Boston needs a maestro, someone to quarterback things for the team’s two stars and its glut of rotational players. Dennis Schröder is not the man for the job.
At times during his career, Schröder would have fit the bill. In his final run with Atlanta, Dennis was averaging north of six assists per game. “German Rondo” might have been a little much, but it was somewhat of an apt comparison.
More recently with OKC, Schröder proved a surprising off-ball threat while maintaining a penchant for getting to the rim. He also has, historically, been a good to great defender.
Unfortunately for Schröder, he hasn’t been able to recapture some of that magic. He isn’t the pass-first point guard this team truly needs. Nor is he a complimentary or reliable third offensive weapon alongside the Jays.
Schröder could be an intriguing sixth man, although his days in Boston are likely numbered. Should he survive the trade deadline, there’s a world where a reimagined role could give Dennis an opportunity to get touches and impact the game without necessarily upending the starting unit’s rhythm.
Dennis is far from the only underwhelming role player for Boston this season. As mentioned above, Smart and Horford’s inconsistency has been a real issue for the C’s. It’s anyone’s guess what happens next for Romeo Langford, Payton Pritchard, or Aaron Nesmith.
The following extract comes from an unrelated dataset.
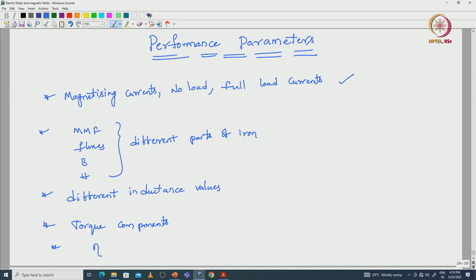How to analyze the performance parameters to see the machine behavior: magnetizing currents, no-load currents, and full-load currents — how to calculate them — and MMF, fluxes, B values, flux densities, and flux intensity values at different parts of the iron, different inductance values and torque components: starting torque, peak torque, rated torque, and efficiency with respect to all types of losses — iron loss, copper loss, frictional and windage losses. These performance parameters are used to analyze the machine behavior. First we will discuss about the magnetizing current.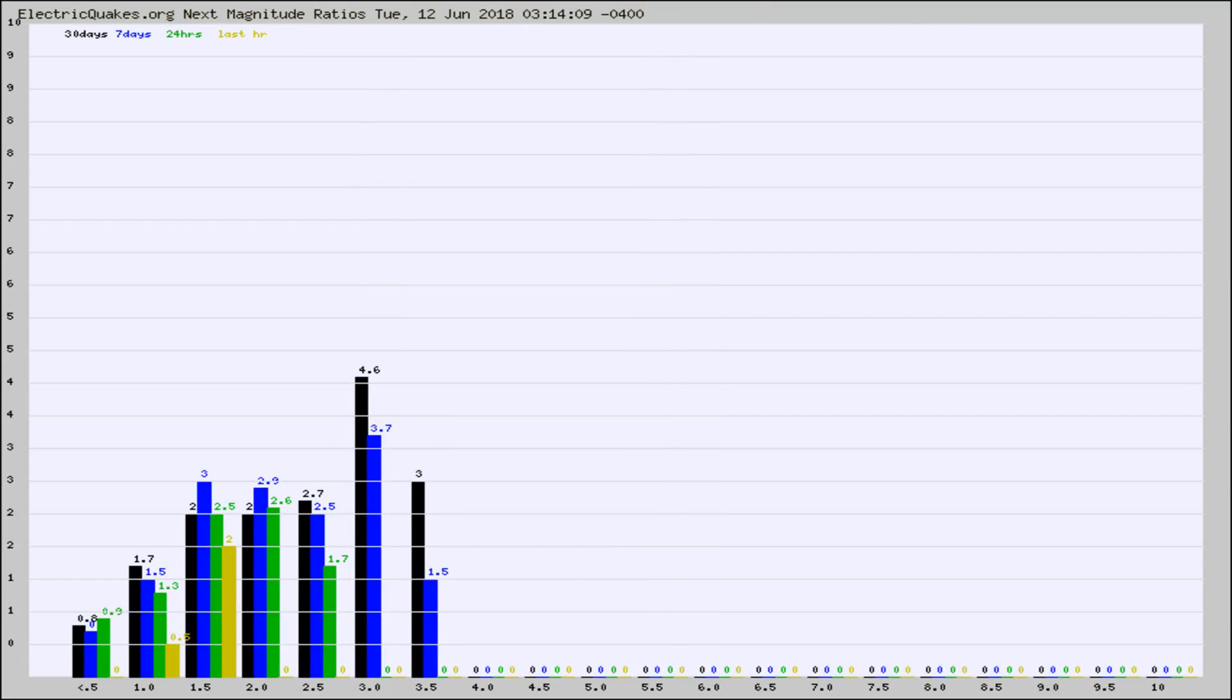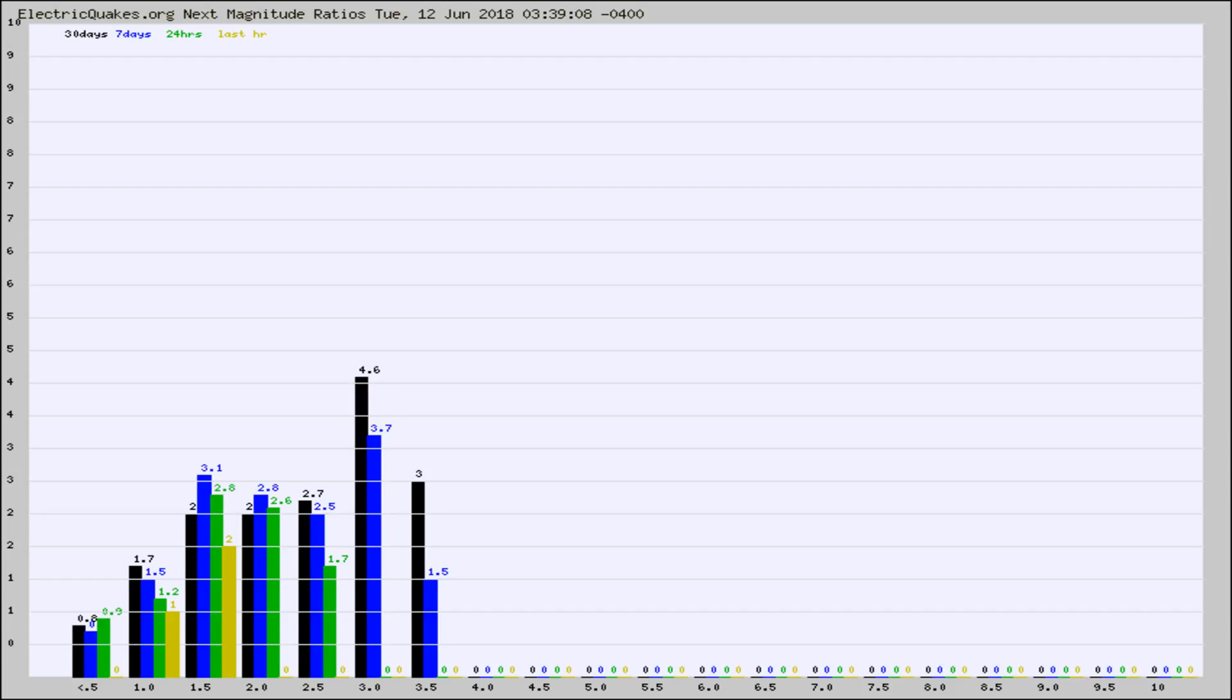And now you're seeing the same thing for just the subset area in California. Again, the black column is 30 days, blue is 7, green is 24 hours, and gold is in the last hour.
5. Jaylen & Jayson 30+ point games: 4
Maybe this is an average team, and Boston’s persistent .500 record is not all that much of a mystery. If the Celtics were a little better in the fourth and their record was just a smidge more win-heavy, would the team’s ultimate fate be all that different?
Robert Williams looks like the real deal for Boston. He could be a key cog for this team when or if they rejoin the contention conversation. In terms of ceilings, though, things begin and end with the Jays.
Four times this season Jayson Tatum and Jaylen Brown have each notched 30+ points in a game. That ties the record for a Celtics duo, held by Larry Bird and Kevin McHale. Go ahead and re-read that as needed.
Conversations about breaking up Brown and Tatum are dangerously premature. Boston employs two of the NBA’s most athletic and exciting wing players, neither of whom are done getting better. Though some of the growing pains and speed bumps have been ugly, but when it clicks, the Celtics look downright scary.
On any given night, Boston might have the best two players on the floor. Only the very best in the league can say that. No matter what happens with the young talent, the misfit vets, or anything else, Brown and Tatum provide the Celtics something really special.